La imagen de hoy: "El robo del cuerpo de San Marcos", de Tintoretto

CUADERNO BESTIARIO 9: Pequeños relámpagos, de John Updike.


Los patios durante los veranos de mi juventud estaban llenos de luciérnagas, pero ahora rara vez las veo. ¿Será que me he mudado un par de grados al norte o fueron las luciérnagas víctimas del mismo abatimiento climático que ha robado las golondrinas moradas y las tortugas de caja de nuestras vidas cotidianas? ¿O yo ya no las busco con el entusiasmo exhibido aquí?
Acá, en el siglo XVIII en Japón, la joven madre sostiene una exquisita caja con ranuras, lista para la captura. En mi Pensilvania deprimida, una jarrita de pickles con agujeros hechos en la tapa y un forro de pastos en el fondo para el confort de los prisioneros, servía igual. Eran fáciles de capturar, los serviciales bichitos de luz –escarabajos de alas suaves que rara vez subían más que lo que la altura de la mano de un niño podía alcanzar–. En la palma, iluminaban los pliegues con su frío brillo amarillo cuyo ritmo parecía un balido.
¿Estaban asustadas? Me imagino que sí, aunque el tempo de su pulso luminoso no aumentaba.
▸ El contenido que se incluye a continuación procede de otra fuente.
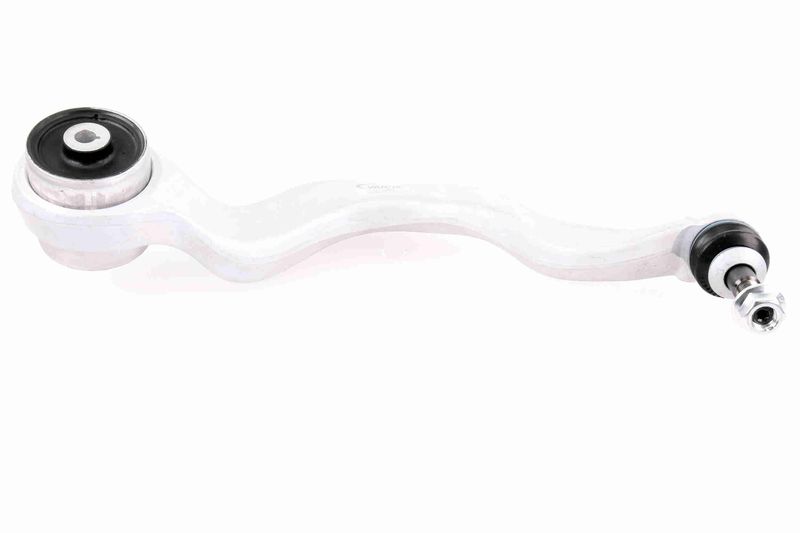 VAICO V20-2994 Control/Trailing Arm, wheel suspension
Si hemos de creerle a la ciencia, la señal es erótica, macho a la hembra y viceversa –como notas que se pasan en una clase de adelante para atrás, como el ruborizarse o la dilatación de las pupilas que traicionan la excitación humana– y es producida por una infusión de aire a través de las células cuya sutil carga de luciferina se convierte en oxiluciferina, el oxígeno catalizado por la luciferase.
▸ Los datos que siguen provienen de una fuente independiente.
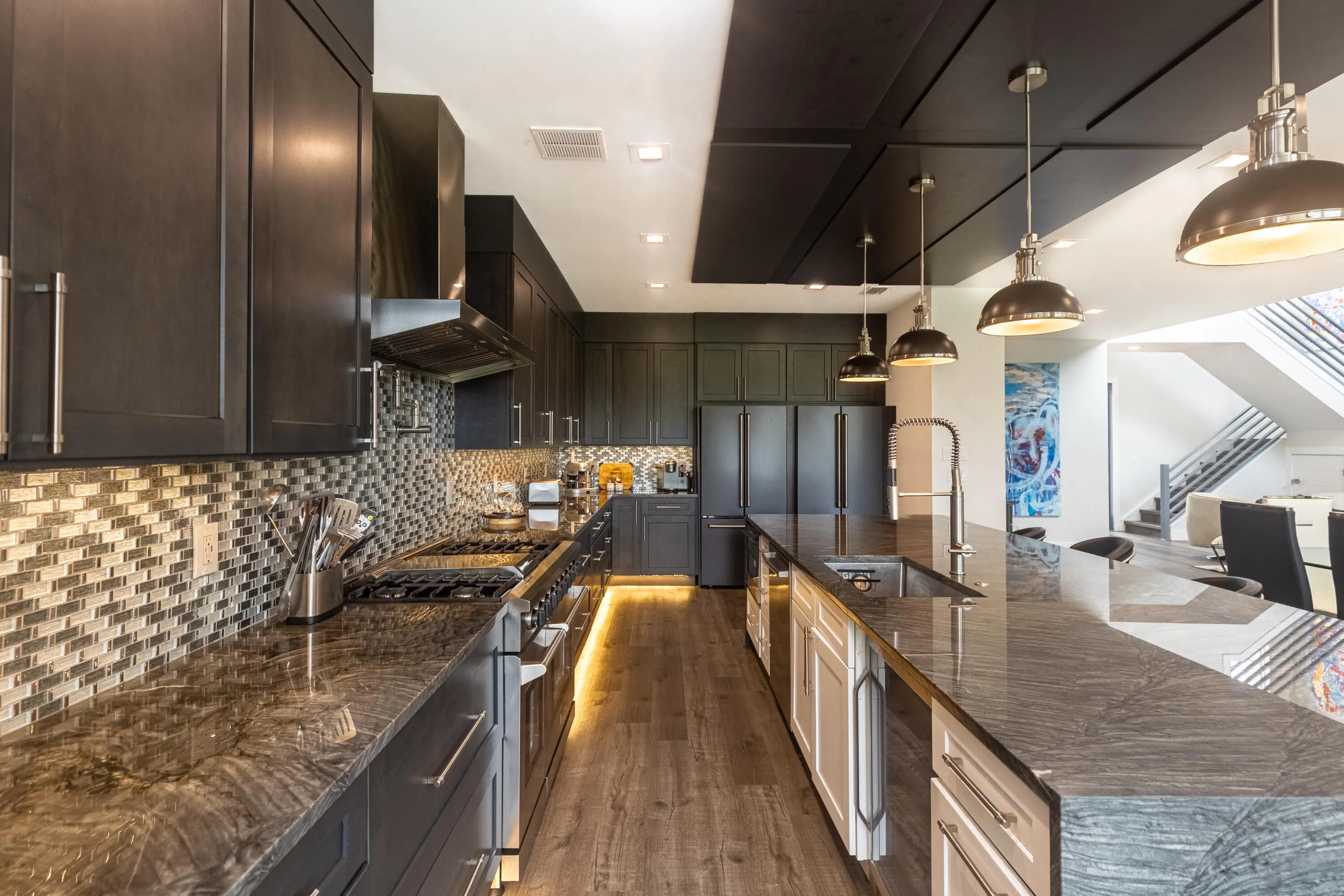 8416 Heritage Club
Mientas los mayores, sin desalentarnos, se acomodaban en la oscuridad del jardín, fumando sus cigarros y murmurando sus chismes y haciendo que los muebles de mimbre chillaran, yo me convertía en el despiadado tirano de una dócil y luminosa raza.
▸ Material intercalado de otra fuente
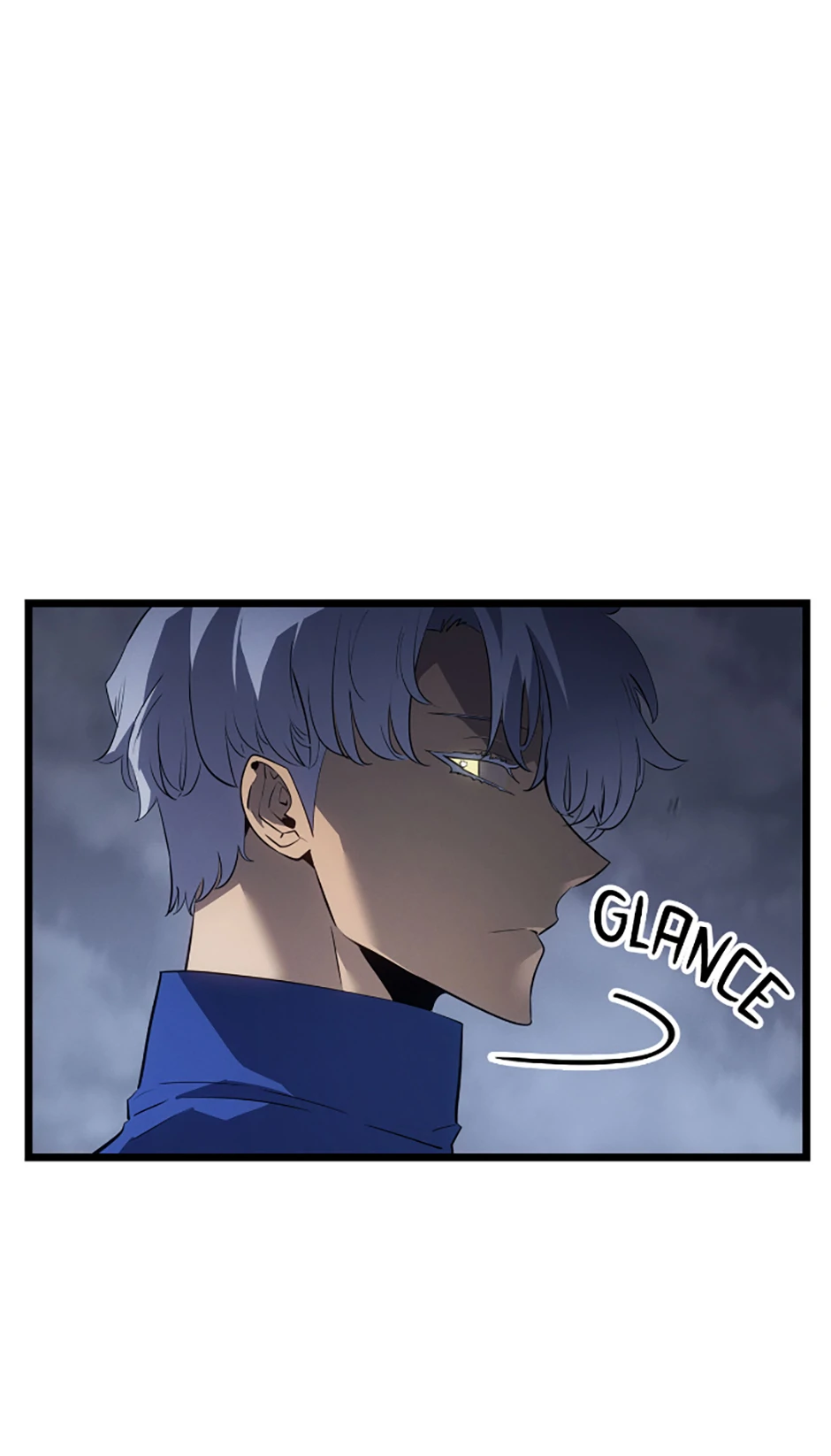 Read Solo Leveling Ragnarok Manga Online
Las luciérnagas en mi imaginación estaban asustadas; su parpadeo era un pedido de clemencia para que las liberara, y generalmente lo eran, retomando agradecidas su nado ornamental a través de las sombras de los árboles, sobre el rocío del pasto. Pero una vez, con la torpeza de un niño, tiré una luciérnaga al piso, o la agarré y la dejé caer, y en un intento de rescate, de sacarla de entre las briznas de pasto, la empujé más adentro. Horrorizado, observé su abdomen luminoso, hasta que finalmente se apagó. Esta muerte, que había causado y presenciado, me atormentó de maneras gigantescas. No sabía, como me dice ahora la Enciclopedia, que las “luciérnagas adultas no comen”, que existen para copular, para engendrar larva que come caracoles y lombrices y que “inyecta en sus presas un líquido paralizante”; en breve, que la luciérnaga cuya muerte yo había causado ya estaba muriendo, disfrutando una mera y momentánea danza sexual entre una generación de larvas venenosas y la próxima, disfrutando ya de una suerte de vida después de la muerte.
El niño y la madre parecen entender eso en el grabado sobre madera de Chöki (Capturando luciérnagas, 1790, grabado sobre madera). Habitan un tipo de paraíso, económico como la memoria. Ni el arroyo que corre ni el iris que escucha protestan por su intento de atrapar un par de estrellas. Extrañamente, el único elemento en este grabado que muestra los efectos de la vejez es la noche eterna, el violáceo fondo de tinta y mica, arrugado y rasguñado como por pequeños relámpagos.